Em minha última crônica, preciso confessar e me desculpar publicamente, fui injusto com Macedo, meu nobre colega. Havia dito que ele era o golden boy dos chefes. Nunca foi. Apesar de funcionário exemplar, compenetrado e produtivo, o funcionário do mês sempre ficou a cargo de algum puxa-saco - e isso Macedo passa a anos luz, mesmo quando um antigo chefe insinuou que ele se daria bem se fosse um “pouco mais flexível e imparcial".

Troca-se de chefia, mudam os colegas, contudo, desde que estou em meu atual emprego, sempre temos alguém no setor que é despudoradamente um Fagundes, personagem da Laerte - e a maioria dos chefes adora esse tipo de funcionário, ao menos num primeiro momento. Curiosamente, o perfil é sempre muito parecido: um doutor em sua área, fracassado conforme seus próprios parâmetros, disposto a compensar esse seu retumbante fracasso com elogios do chefe de turno, a quem serve de maneira constrangedora e sem preocupação se isso implica pisar nos colegas. Sempre me pergunto se esse tipo de pessoa acaba assim por falta de uma mãe para elogiar ou, no outro extremo, de uma mãe que tudo elogia e não conta que ele ser o filho perfeito para ela não implica em perfeição fora de casa - e que ele não precisa provar a perfeição que a mãe vê pra toda autoridade. Enfim, por conta desse perfil comum, esse colega acaba por ganhar a alcunha, ou melhor, o título honorífico de Doutor Sabujinho - e alguns comentários maldosos, digo, imparciais, para ficar no mesmo campo que o antigo chefe.

Que conste aqui, um medium scriptum para não ter que ficar no post scriptum: se acaso este texto aparentar que tenho algo contra os doutores Sabujinhos com quem já convivi em minha vida laboral, nunca foi além do trabalho e do pessoal; e ainda assim busquei manter o máximo de isonomia e imparcialidade com os fatos.

Claro, há pequenas nuances entre um Doutor Sabujinho e outro.
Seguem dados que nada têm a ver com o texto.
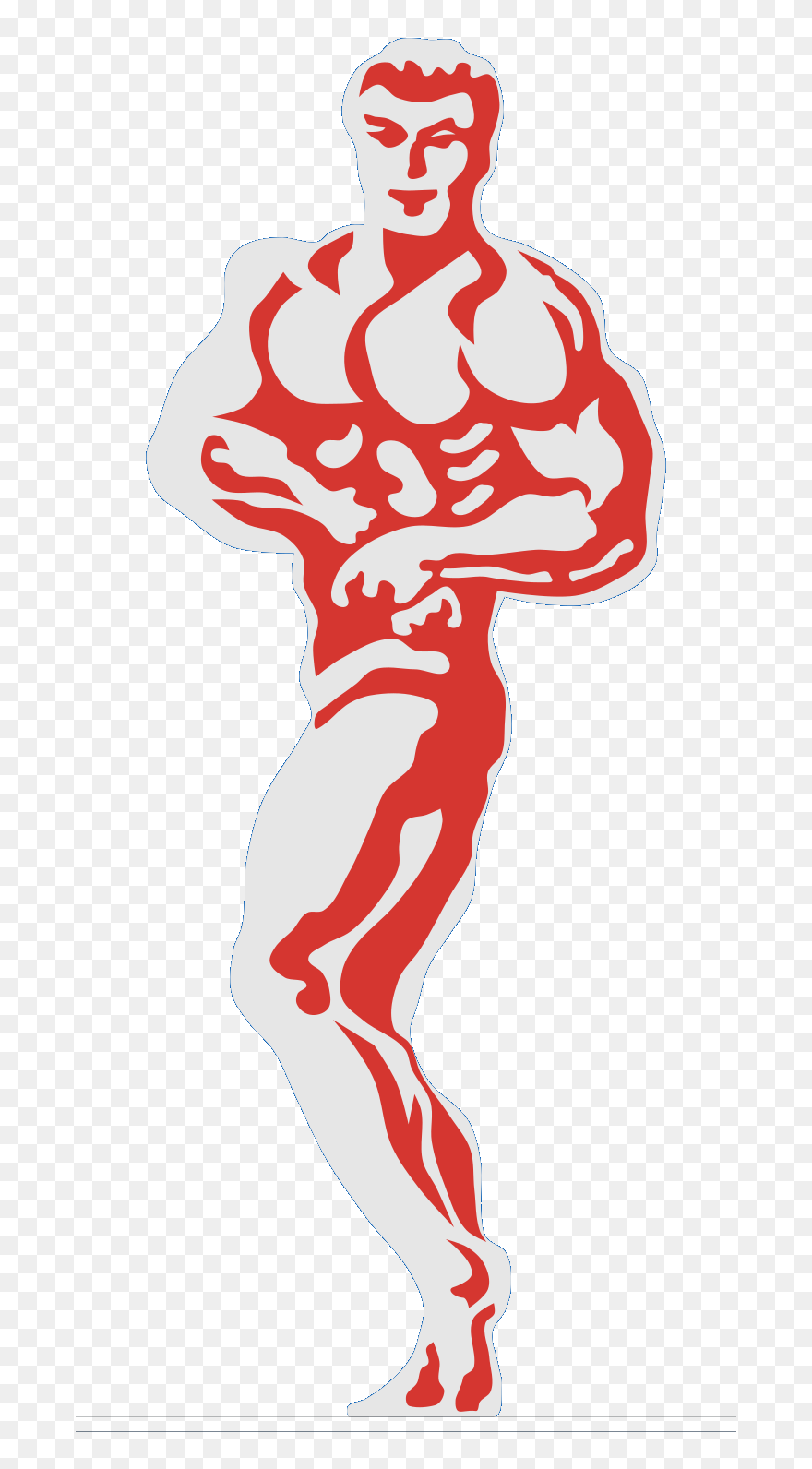 Bodybuilding Clipart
O atual, o fatídico colega Rivarola (que não é nobre, que fique claro, e para ter direito a algum adjetivo, achei que fatídico ornava), tem em comum com os anteriores uma proatividade ostentatória, de quem pega todas as demandas para si - mas é esperto para logo em seguida despachar parte dessas tarefas para algum colega ingênuo de fato fazer por ele, que fica com a fama no final.

O Doutor Sabujinho anterior tinha como grande frustração não ser o professor de Harvard que ele se julgava merecedor. O atual, crente piedoso do empreendedorismo e do anarco-capitalismo-cristão (afinal, na Bíblia Jesus fala em “que atire a primeira pedra primeiro os clientes Prime e Personnalité com as mensalidades em dia”), foi injustiçado pelo mercado, digo, pelo Estado, que não permitiu que sua startup vingasse e ele se tornasse o Steve Jobs brasileiro. O mais próximo do sucesso como empreendedor digital que ele chegou foi ser motorista de aplicativo (e usuário do aplicativo de ajuda emergencial do governo), após abandonar a infrutífera busca de jobs na sua área, mesmo com doutorado. Umas horas penso que foi melhor para ele: como empreendedor de sucesso, não teria um chefe para puxar saco e não poderia desenvolver suas verdadeiras habilidades (que estão muito além de qualquer doutorado).

Como todo Doutor Sabujinho, Rivarola é um profundo conhecedor de... tudo. Na verdade, de tudo e mais um pouco. E ainda um pouco mais. Sem falar na sua área de doutoramento, onde o fatídico colega parece que não ganhou o Nobel somente porque perdeu a data de inscrição. Uma versão moderna do vizir da história de Nuredin Ali e Bedredin Hassan (“um homem prudente, sábio, penetrante, perito nas belas letras e em todas as ciências”). Da queda do nome do pai na psicanálise lacaniana à fabricação de microchips com cobres aniônicos (cuprate) de lantânio, hólmio e bário; de teoria econômica (todas as vertentes) aos grupos fuchsianos aritméticos; do factum da razão nos juízos a priori à influência das civilizações pré-axumita na arte contemporânea produzida pelos dissidentes neoístas pós festivais de apartamento em New York; dos verdadeiro desejos do verdadeiro deus ao manuscrito Voynich (que ele não deve ter ainda liberado a tradução ao grande público porque está em dúvida na tradução de alguns termos), Rivarola talvez só não saiba a cor da minha cueca do dia - talvez. Mas a do chefe, ele deve saber com certeza.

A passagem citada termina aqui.